------ Given data ------

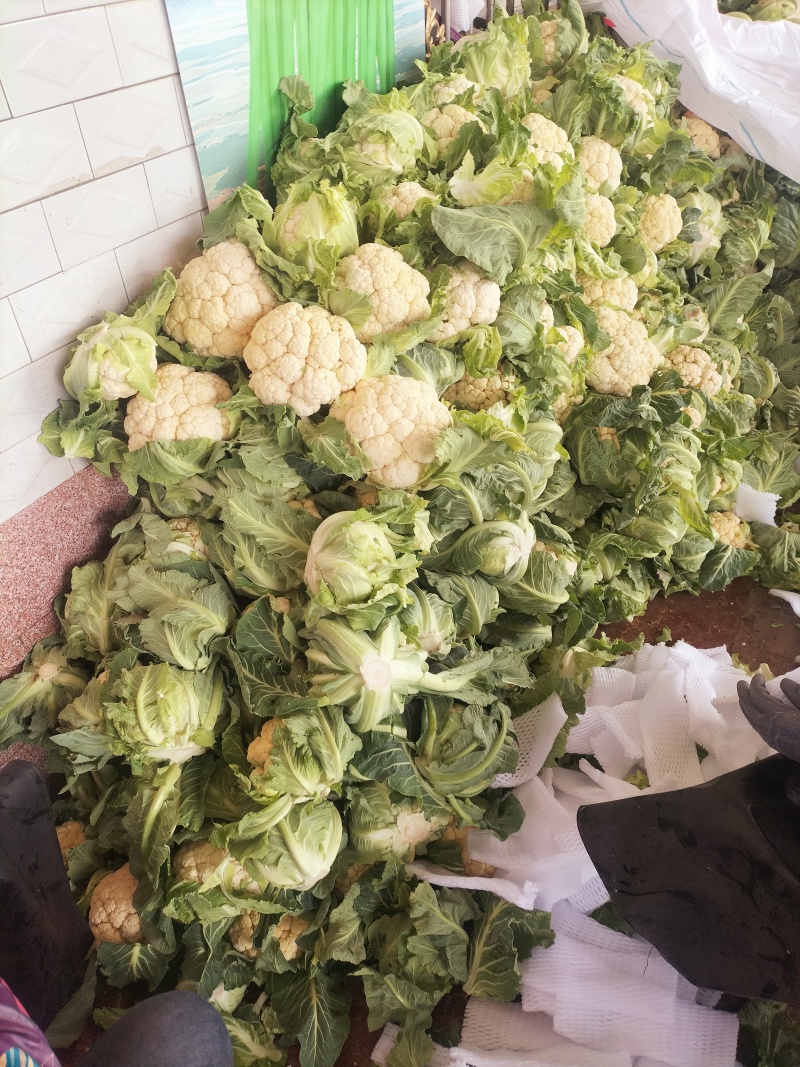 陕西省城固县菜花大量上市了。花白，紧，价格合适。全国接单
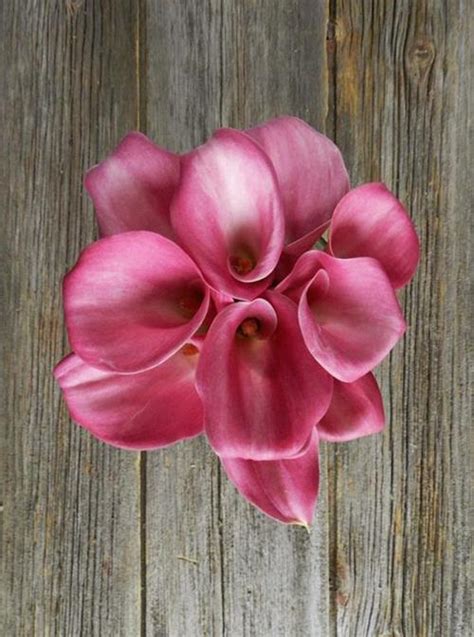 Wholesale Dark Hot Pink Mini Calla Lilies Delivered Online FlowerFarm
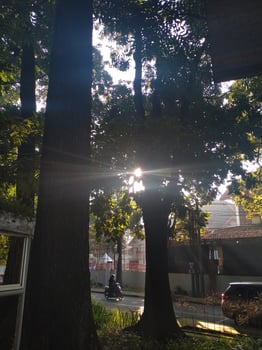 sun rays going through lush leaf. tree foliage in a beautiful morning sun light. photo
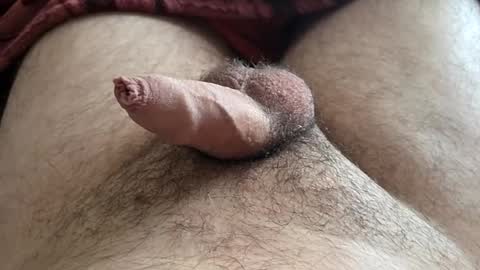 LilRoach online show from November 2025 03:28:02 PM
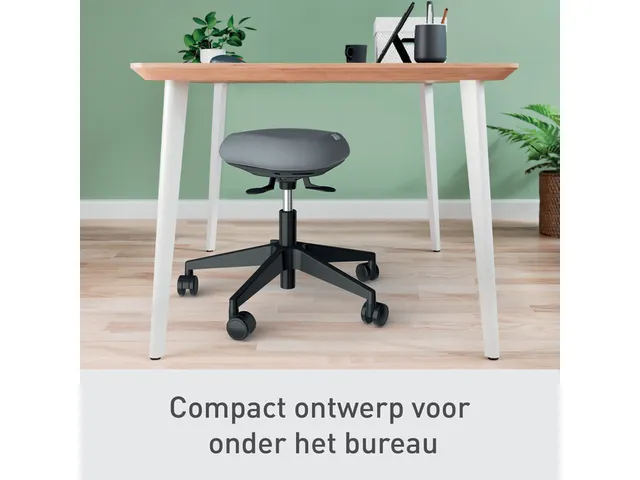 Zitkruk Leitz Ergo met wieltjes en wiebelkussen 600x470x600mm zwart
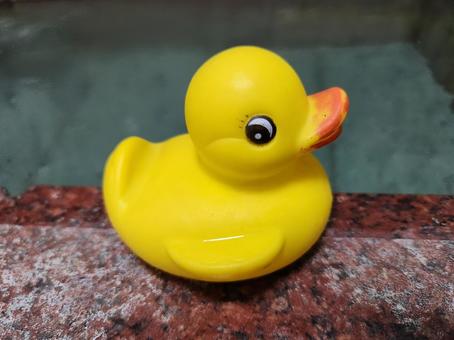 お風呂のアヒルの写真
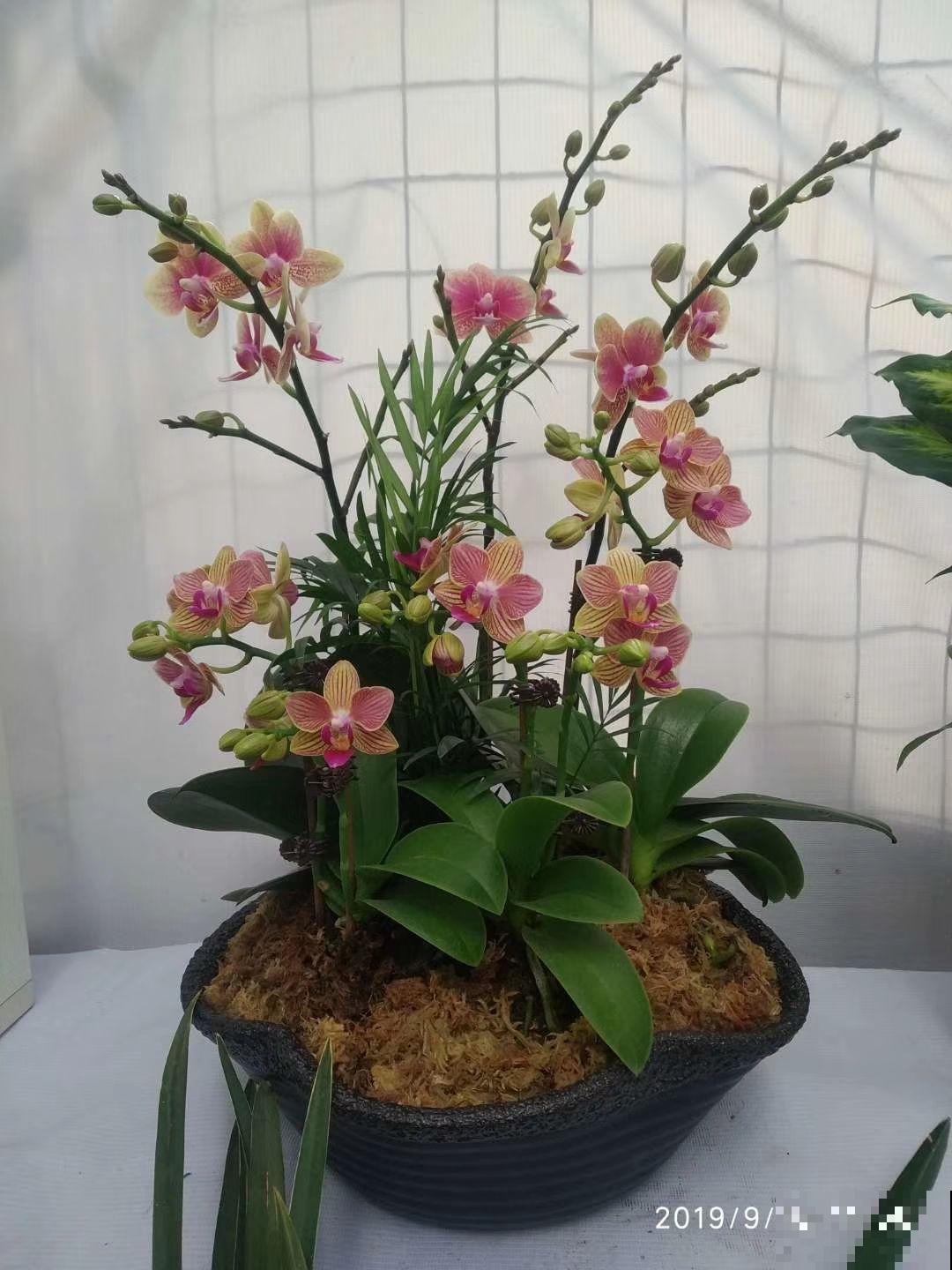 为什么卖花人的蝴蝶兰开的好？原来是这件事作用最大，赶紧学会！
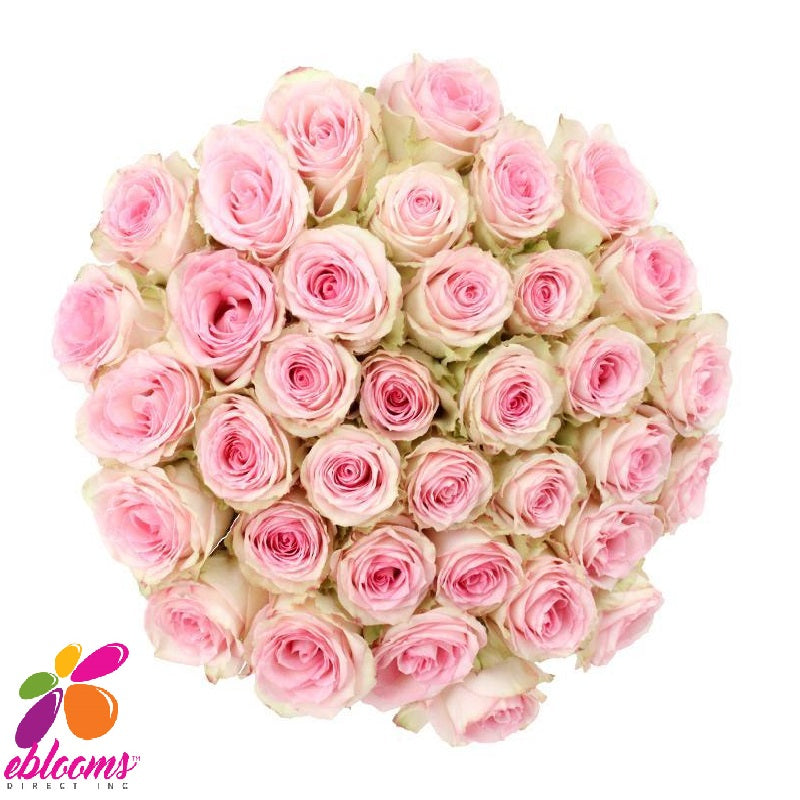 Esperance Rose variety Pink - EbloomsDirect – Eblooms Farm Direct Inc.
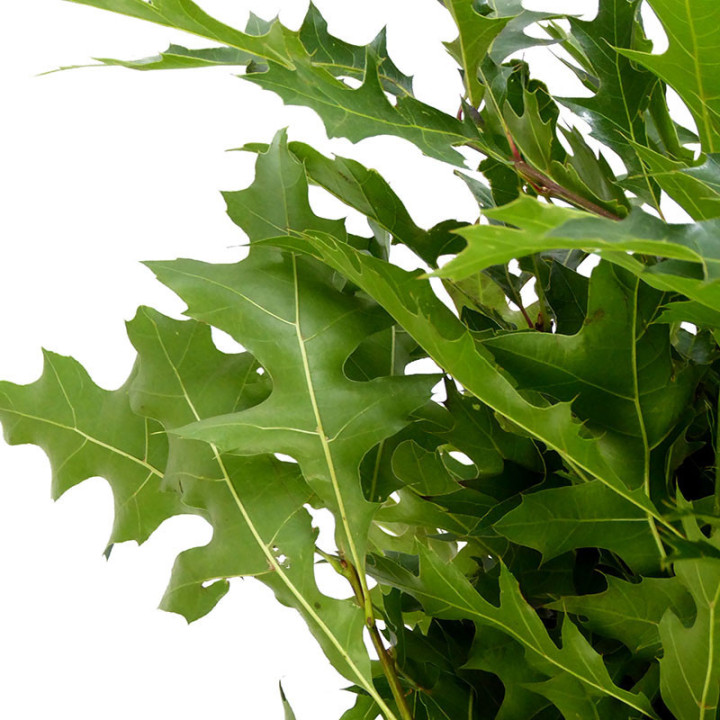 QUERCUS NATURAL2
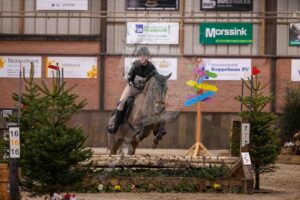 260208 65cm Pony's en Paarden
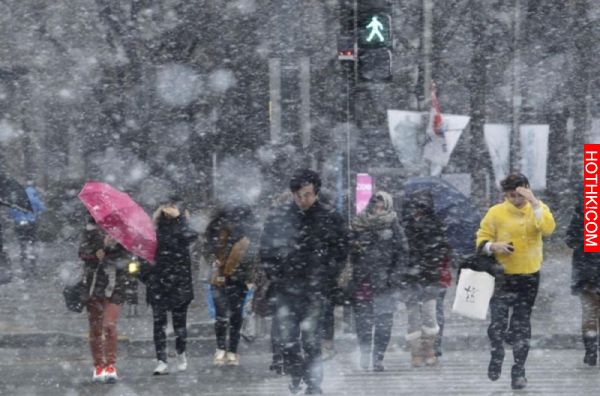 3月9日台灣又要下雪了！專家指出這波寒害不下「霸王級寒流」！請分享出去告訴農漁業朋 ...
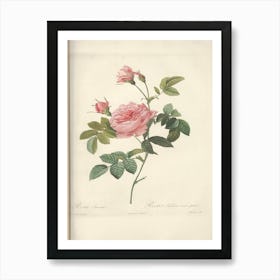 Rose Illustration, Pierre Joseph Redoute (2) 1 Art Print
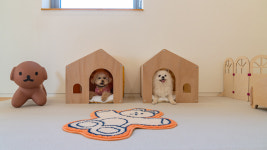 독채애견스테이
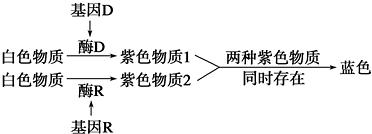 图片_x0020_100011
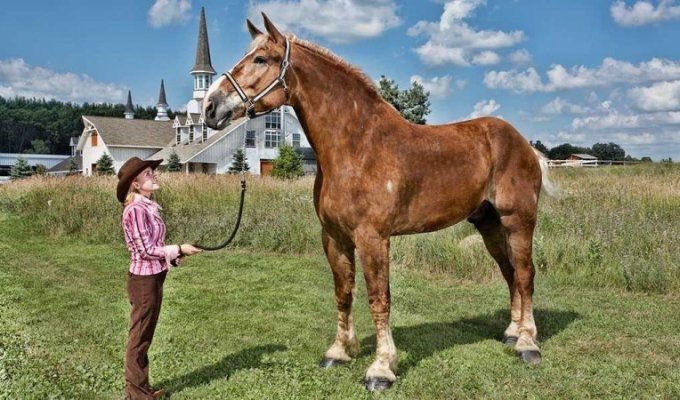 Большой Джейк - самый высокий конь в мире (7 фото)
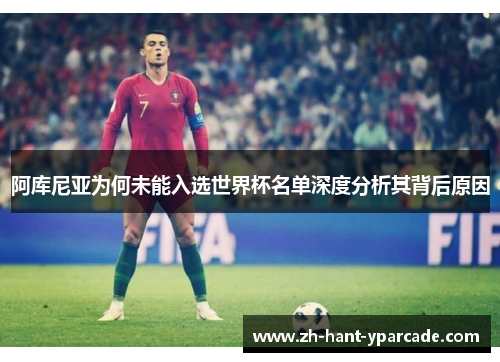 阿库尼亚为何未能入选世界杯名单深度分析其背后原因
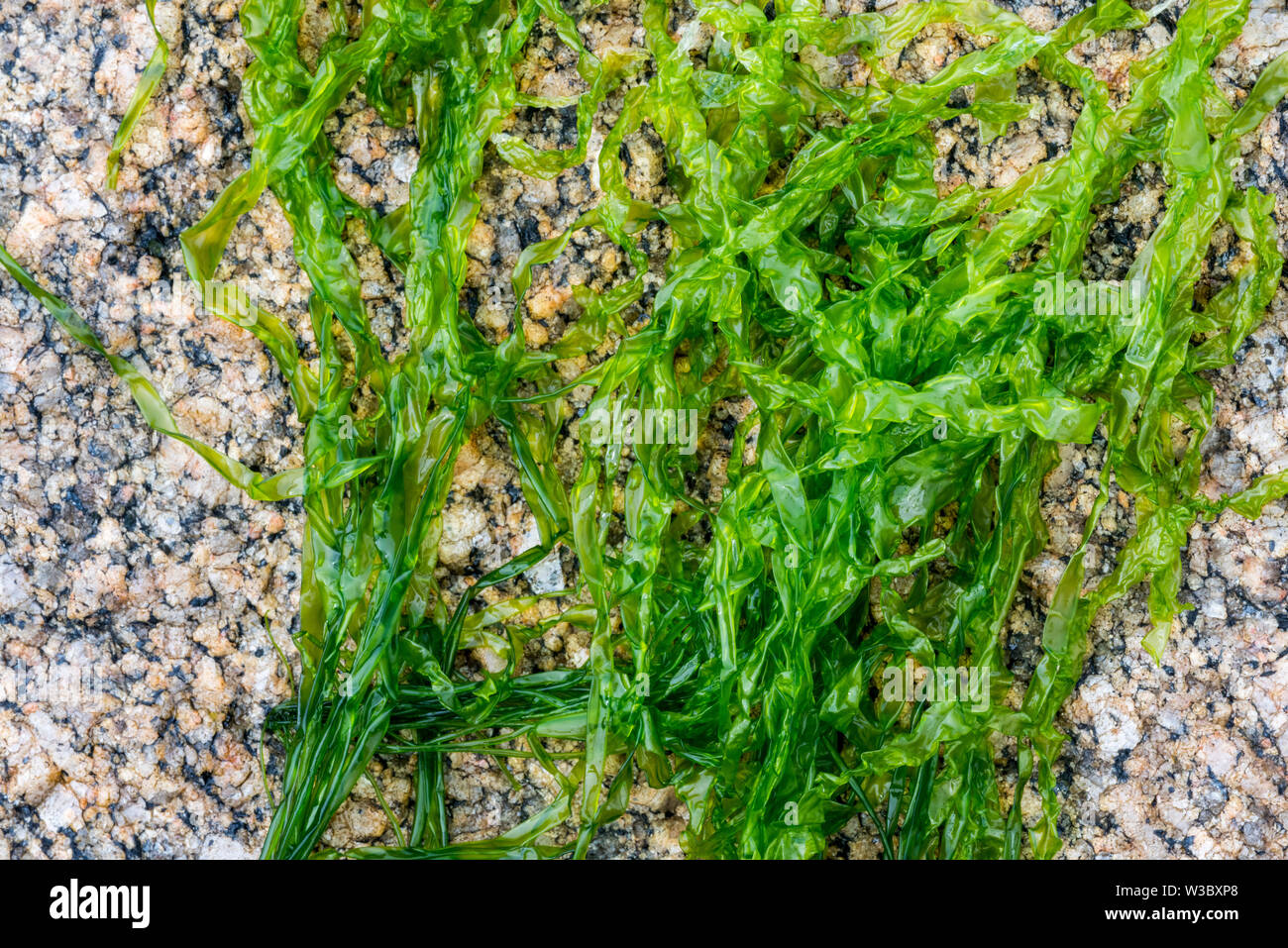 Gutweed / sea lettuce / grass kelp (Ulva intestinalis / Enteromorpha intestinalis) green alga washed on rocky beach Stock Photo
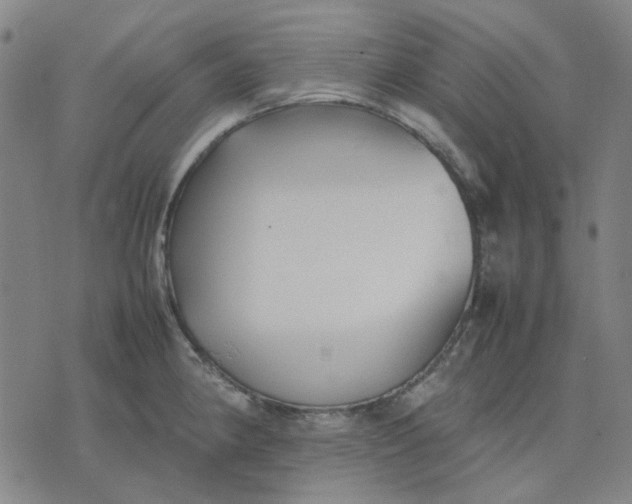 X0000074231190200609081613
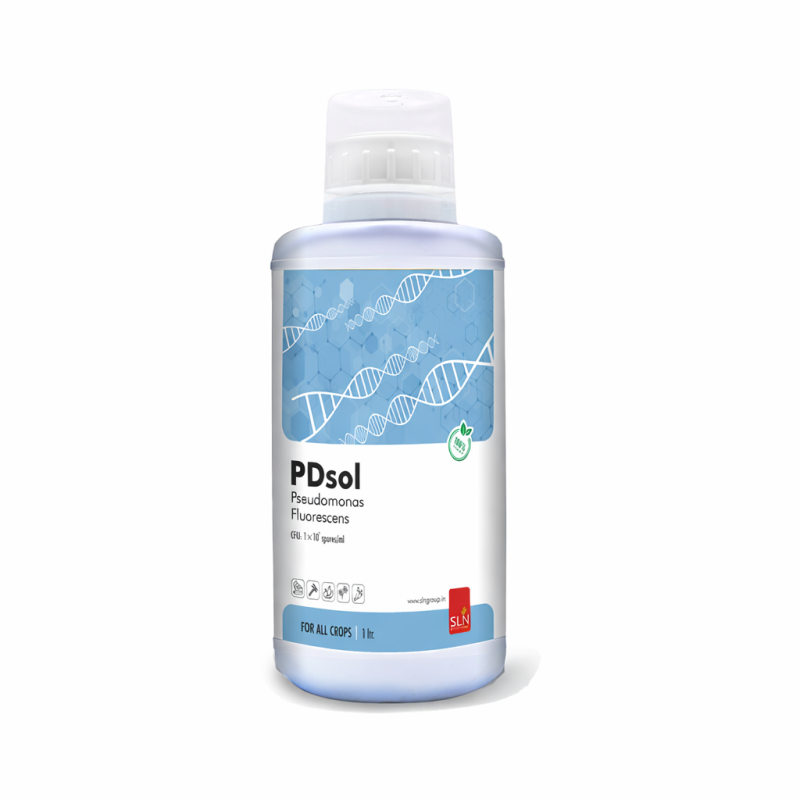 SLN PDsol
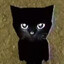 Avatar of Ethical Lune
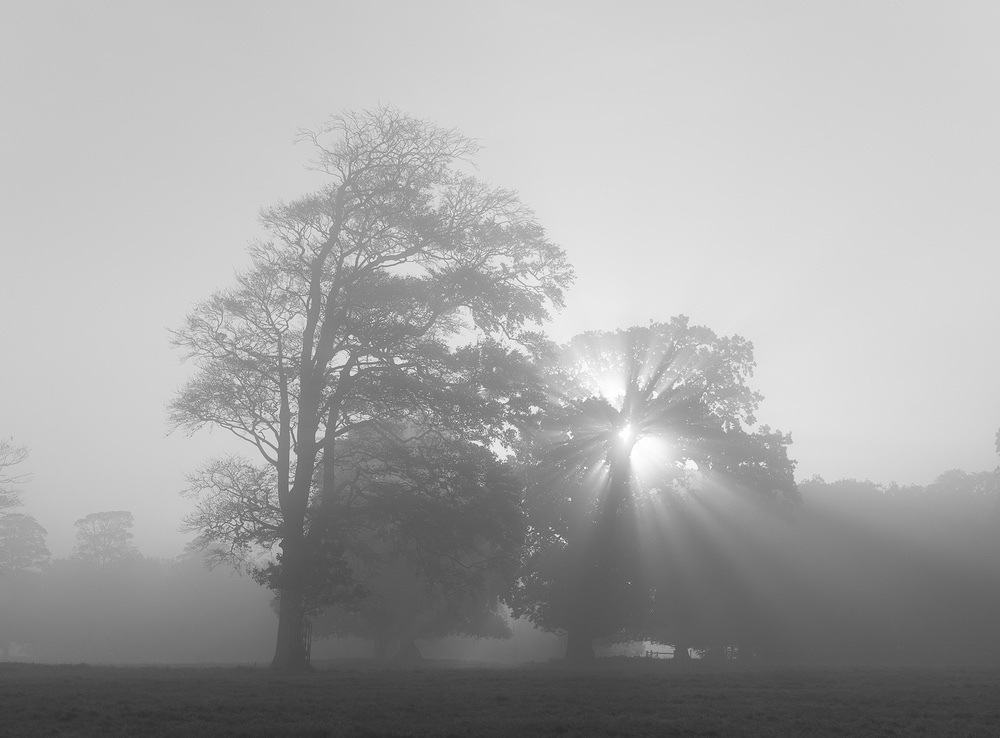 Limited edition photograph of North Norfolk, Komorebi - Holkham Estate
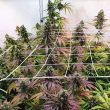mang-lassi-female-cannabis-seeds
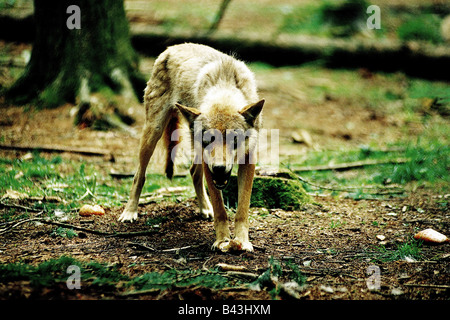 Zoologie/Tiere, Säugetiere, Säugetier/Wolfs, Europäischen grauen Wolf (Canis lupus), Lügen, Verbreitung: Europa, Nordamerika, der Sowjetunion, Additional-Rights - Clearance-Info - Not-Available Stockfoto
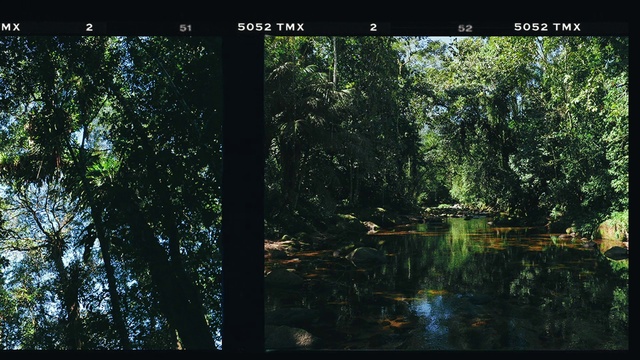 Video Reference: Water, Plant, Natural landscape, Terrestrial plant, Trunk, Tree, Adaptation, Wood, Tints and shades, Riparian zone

------

Leaving aside every picture, transcribe exactly the lines that run from the one with "Zitkruk Leitz Ergo" to the close of the listing above.

(Solution to the problem)
 Zitkruk Leitz Ergo met wieltjes en wiebelkussen 600x470x600mm zwart
 お風呂のアヒルの写真
 为什么卖花人的蝴蝶兰开的好？原来是这件事作用最大，赶紧学会！
 Esperance Rose variety Pink - EbloomsDirect – Eblooms Farm Direct Inc.
 QUERCUS NATURAL2
 260208 65cm Pony's en Paarden
 3月9日台灣又要下雪了！專家指出這波寒害不下「霸王級寒流」！請分享出去告訴農漁業朋 ...
 Rose Illustration, Pierre Joseph Redoute (2) 1 Art Print
 독채애견스테이
 图片_x0020_100011
 Большой Джейк - самый высокий конь в мире (7 фото)
 阿库尼亚为何未能入选世界杯名单深度分析其背后原因
 Gutweed / sea lettuce / grass kelp (Ulva intestinalis / Enteromorpha intestinalis) green alga washed on rocky beach Stock Photo
 X0000074231190200609081613
 SLN PDsol
 Avatar of Ethical Lune
 Limited edition photograph of North Norfolk, Komorebi - Holkham Estate
mang-lassi-female-cannabis-seeds
 Zoologie/Tiere, Säugetiere, Säugetier/Wolfs, Europäischen grauen Wolf (Canis lupus), Lügen, Verbreitung: Europa, Nordamerika, der Sowjetunion, Additional-Rights - Clearance-Info - Not-Available Stockfoto
 Video Reference: Water, Plant, Natural landscape, Terrestrial plant, Trunk, Tree, Adaptation, Wood, Tints and shades, Riparian zone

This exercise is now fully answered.